- First UK single pressing with "Bolero" as title and "Jeff Beck" as composer

Single by Jeff Beck

from the album Truth
- A-side: "Hi Ho Silver Lining"
- Released: 10 March 1967
- Recorded: 16–17 May 1966
- Studio: IBC, London
- Genre: Instrumental rock; hard rock;
- Length: 2:53
- Label: Columbia; Epic;
- Songwriters: Jimmy Page (credited, see text)
- Producers: Mickie Most (credited, see text)

Licensed audio
- "Beck's Bolero" on YouTube

= Beck's Bolero =

1966 instrumental by Jeff Beck

"Beck's Bolero" is a rock instrumental recorded by English guitarist Jeff Beck in 1966. It is Beck's first solo recording and has been described as "one of the great rock instrumentals, epic in scope, harmonically and rhythmically ambitious yet infused with primal energy". "Beck's Bolero" features a prominent melody with multiple guitar parts propelled by a rhythm inspired by Maurice Ravel's Boléro.
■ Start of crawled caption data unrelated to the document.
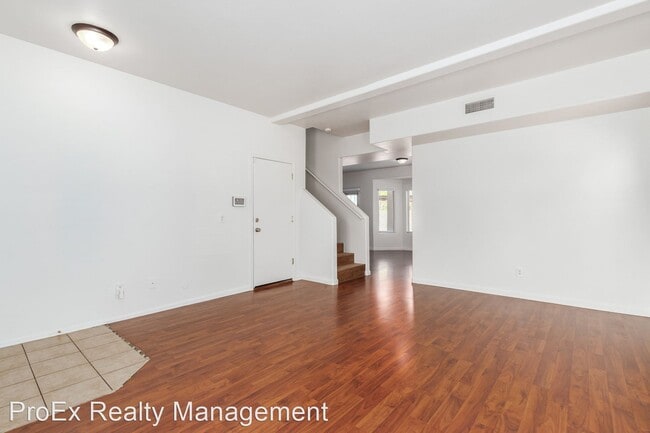 Building Photo - 4 br, 2.5 bath House - 7212 S 12th Pl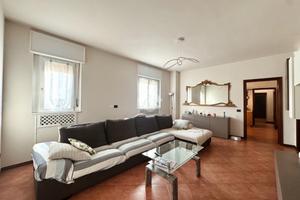 CASA SEMINDIPENDENTE A CORTE DE' CORTESI CON CIGNO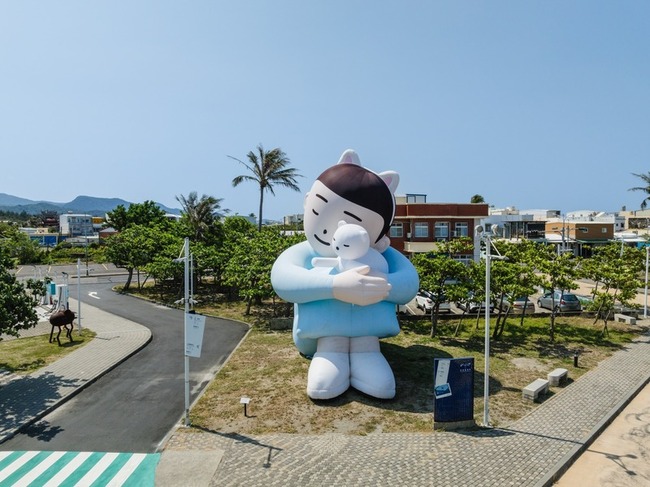 屏東連日風雨  看海美術館又有2充氣怪獸提前離職 | 華視新聞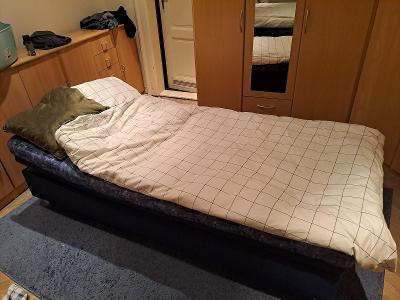Polohovatelna postel s uloznym priestorom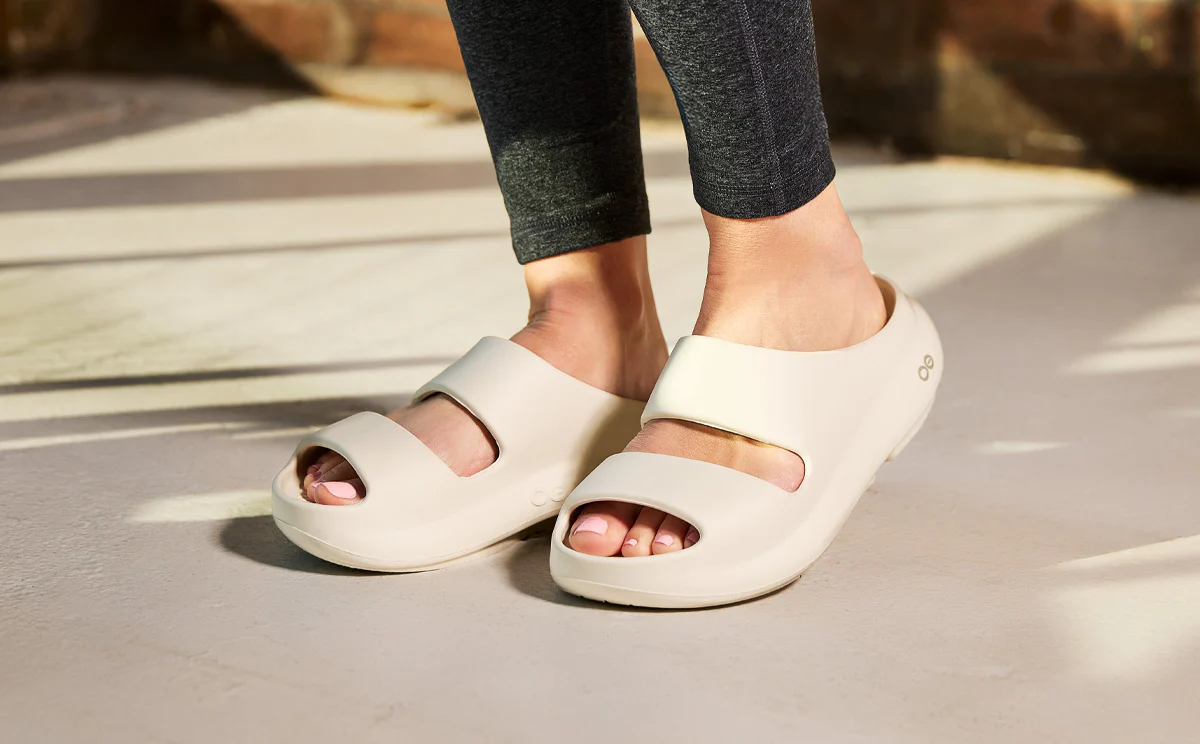 Women's OOyea Slide Sandal - Chalk 9 Women's OOyea Slide Sandal - Chalk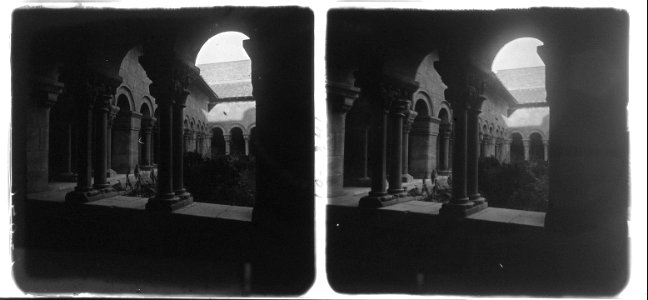 Vista del claustre de la catedral d ' Elna des d ' una nova perspectiva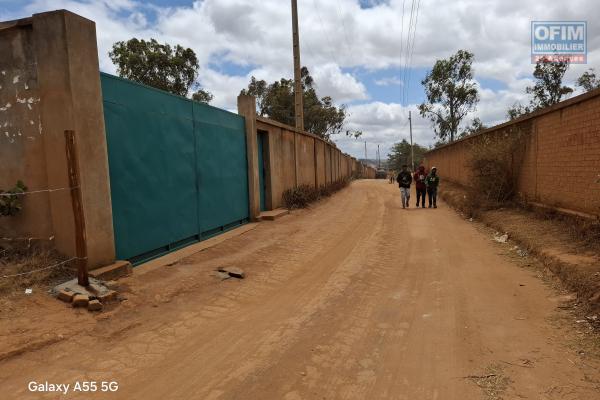 OFIM Immobilier offre en vente un terrain de 680m2 en bord de route sur Alasora à environ 7min de la route principale de By-pass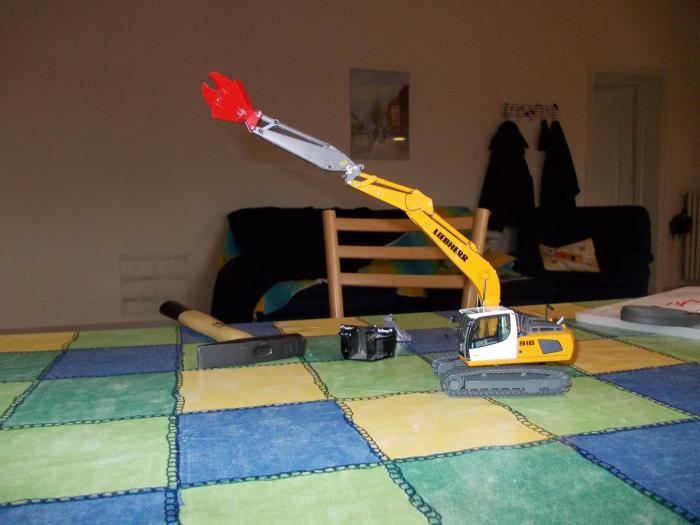 Liebherr 916 con prolunga e pinze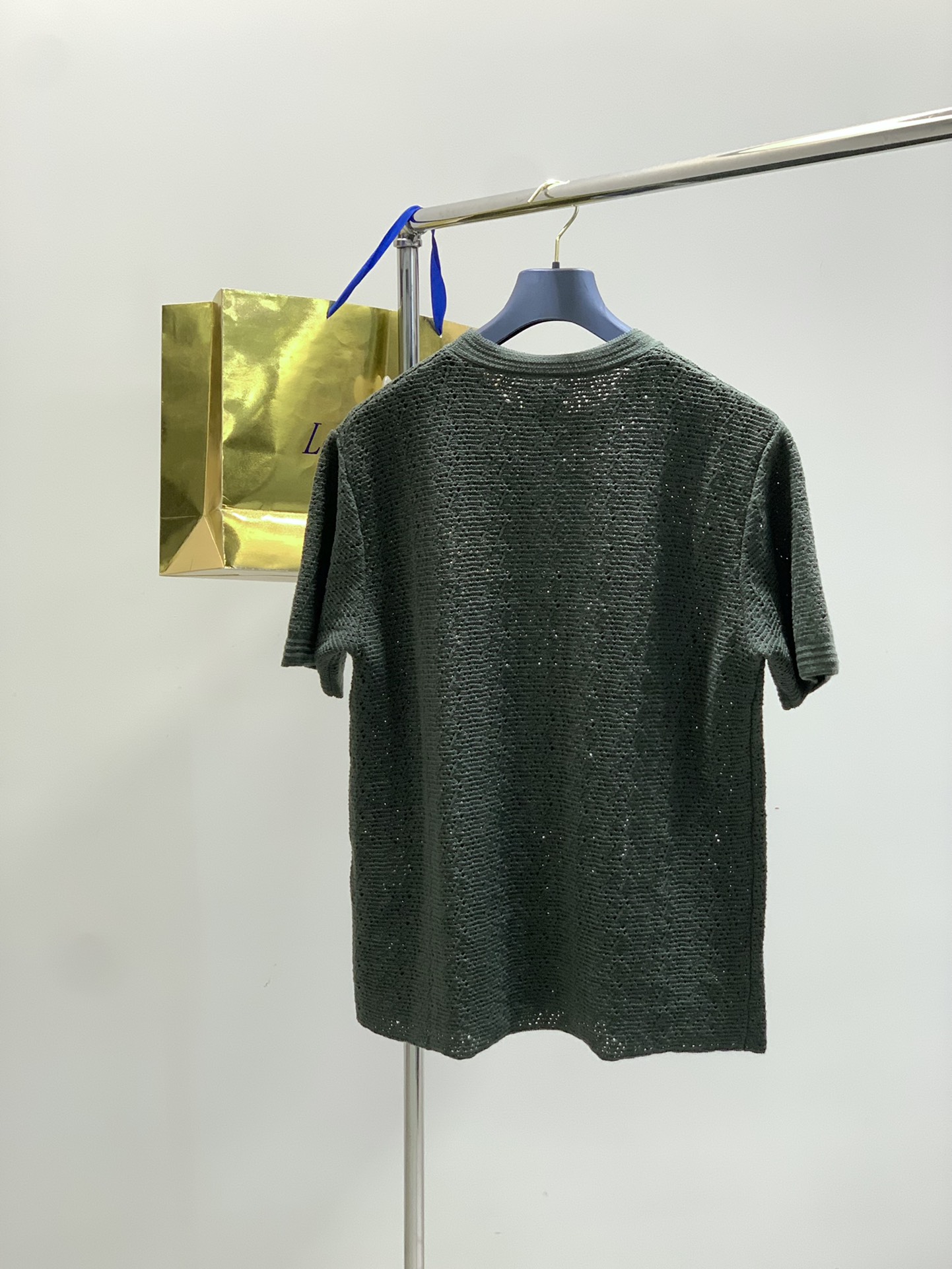 Bottega Veneta 2025 Summer New Fashion Recreational Circle-Wire T-shirts: High-Class Unique Design - 图片 2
The recording session brought together a group of musicians, including Jimmy Page, Keith Moon, John Paul Jones, and Nicky Hopkins, who later agreed that the line up was a first attempt at what became Led Zeppelin. However, there is an ongoing disagreement over the composer as well as producer credits. Despite being credited solely to Page, Beck claims that he made significant contributions to the composition. Likewise, Page and Simon Napier-Bell each claim to have produced it, while Mickie Most received the credit.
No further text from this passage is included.